- by Norman Cliff
The new arrivals had found the premises in very bad condition; after the missionaries and Chinese student body had left, the property had been looted by Chinese bandits, and then occupied by Japanese soldiers; afterwards vacated and left to deteriorate further. The roads were strewn with rubble, the toilets choked, and the remains of desks and tables lying around, having been broken up for firewood.
These first internees had set to work with that resourcefulness and determination characteristic of the human race when looking for the basic comforts of life. They cleared roads, cleaned the rooms, opened up three big kitchens (Kitchen I for the Tientsin community, Kitchen II for those from Peking and Kitchen III for Tsingtao internees), each feeding five hundred people. Catholic priests from Belgium, Holland and America, mostly in their twenties, cleared the toilets and erected large ovens for the camp bakery.
A well-organised community was soon running its own affairs, each person with his or her own specific duties. At the top of the organisation chart was the Japanese commandant, and under him the camp representative. He was in turn chairman of a Council of Committee leaders, covering general affairs, discipline, labour, education, supplies, quarters, medicine, engineering and finance.
How fortunate we were in that by the time we arrived in this self-contained community all was running smoothly and efficiently. The administrative machinery was most impressive. The Quarters Leader allocated us dormitories, the Labour Leader gave us forms to fill in with crosses to put down to indicate how much experience we had had in teaching, engineering, cooking, baking and other spheres.
It was quite evident that the four hundred Catholic priests and nuns had made a great impact and profound impression on the internee community. They had turned their hands to the most menial tasks cheerfully and willingly, organised baseball games and helped in the educational programme for the young.
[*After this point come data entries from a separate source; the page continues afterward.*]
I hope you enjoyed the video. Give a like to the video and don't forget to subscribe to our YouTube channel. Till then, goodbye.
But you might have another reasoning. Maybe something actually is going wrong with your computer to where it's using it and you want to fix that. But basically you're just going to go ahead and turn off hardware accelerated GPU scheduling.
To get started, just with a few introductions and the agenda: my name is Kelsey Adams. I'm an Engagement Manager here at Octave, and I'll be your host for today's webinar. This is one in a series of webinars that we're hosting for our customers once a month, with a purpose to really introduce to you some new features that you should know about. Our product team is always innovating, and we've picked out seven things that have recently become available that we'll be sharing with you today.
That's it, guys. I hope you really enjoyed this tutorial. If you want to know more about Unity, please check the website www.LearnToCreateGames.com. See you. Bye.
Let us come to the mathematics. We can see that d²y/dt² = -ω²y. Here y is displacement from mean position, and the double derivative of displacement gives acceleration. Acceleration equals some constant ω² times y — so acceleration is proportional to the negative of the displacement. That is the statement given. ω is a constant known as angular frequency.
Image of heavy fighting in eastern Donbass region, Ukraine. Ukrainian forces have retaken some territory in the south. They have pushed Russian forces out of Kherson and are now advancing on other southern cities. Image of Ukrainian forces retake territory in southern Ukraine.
But inevitably romances had been formed between admiring Tientsin and Peking girls and celibate Belgian and American priests from the lonely wastes of Manchuria. Anxious Vatican officials had solved the delicate problem by careful negotiations with the Japanese, as a result of which all but thirty priests had been transferred to an institution of their own in Peking where they could meditate and say their rosaries without feminine distractions.
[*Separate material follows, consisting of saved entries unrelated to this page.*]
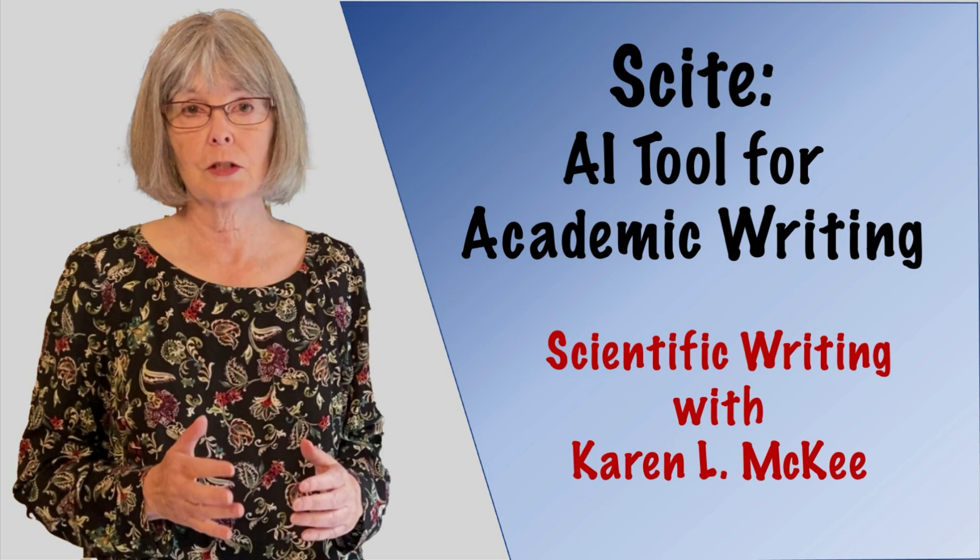Hi. I'm Karen McKee. In this video, I'm going to take a look at another AI tool for academic writing called Cite.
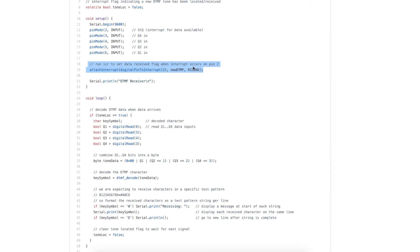And when we get an interrupt on pin 2, rising edge, we will go to the new DTMF interrupt service routine to set that flag.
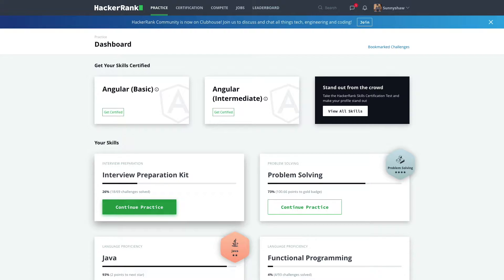Hello everyone, welcome back to my channel. Today I'll be talking about HackerRank platform. For those who are new to HackerRank, let me tell you that this is a coding platform where you can practice your coding skills. Today in this video I will tell you how you can use HackerRank effectively, both for beginner and advanced level programmers.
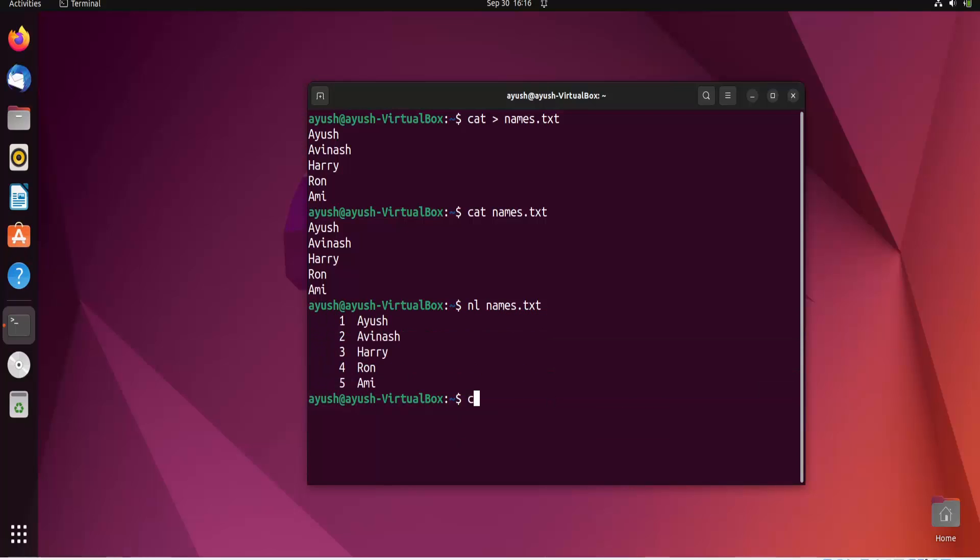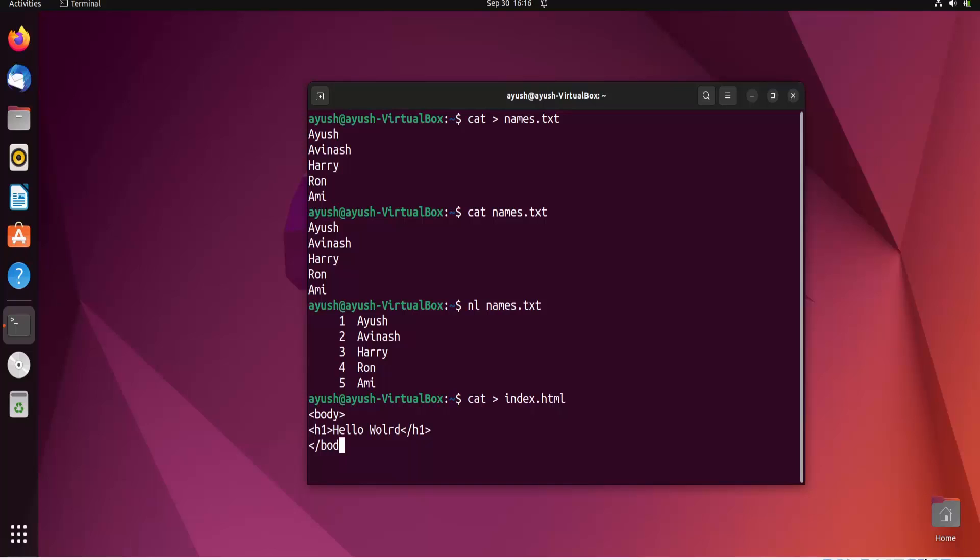Suppose I create another file, index.html. I'll write the body tag, then h1 hello world, and close the body.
Their departure had left a vacuum in effective manpower for such tasks as pumping, cooking and baking. Thus the arrival of our Chefoo community aggravated the situation further, for out of the three hundred of us only about two dozen were potential camp workers, the remainder being schoolchildren and retired missionaries.
But for ourselves coming to Weihsien proved to be the opening up of a new world, after the cramped and monotonous life at Temple Hill. Here in Weihsien were well-informed scholars, missionaries of other traditions, business men with a variety of backgrounds. Adult education was provided in Chinese, Japanese, Russian; bookkeeping, shorthand and philosophy. There were concerts, pantomimes, plays, baseball matches and many other community activities.
Soon life in this new camp was running smoothly and we were feeling very much part of this new social environment. I was housed with other boys of the school in Block 23, an attractive building at the far end of the camp, superior to the small blocks of rooms in which the families were housed. The Labour Representative placed me in a kitchen shift of Kitchen I that fed some six hundred people.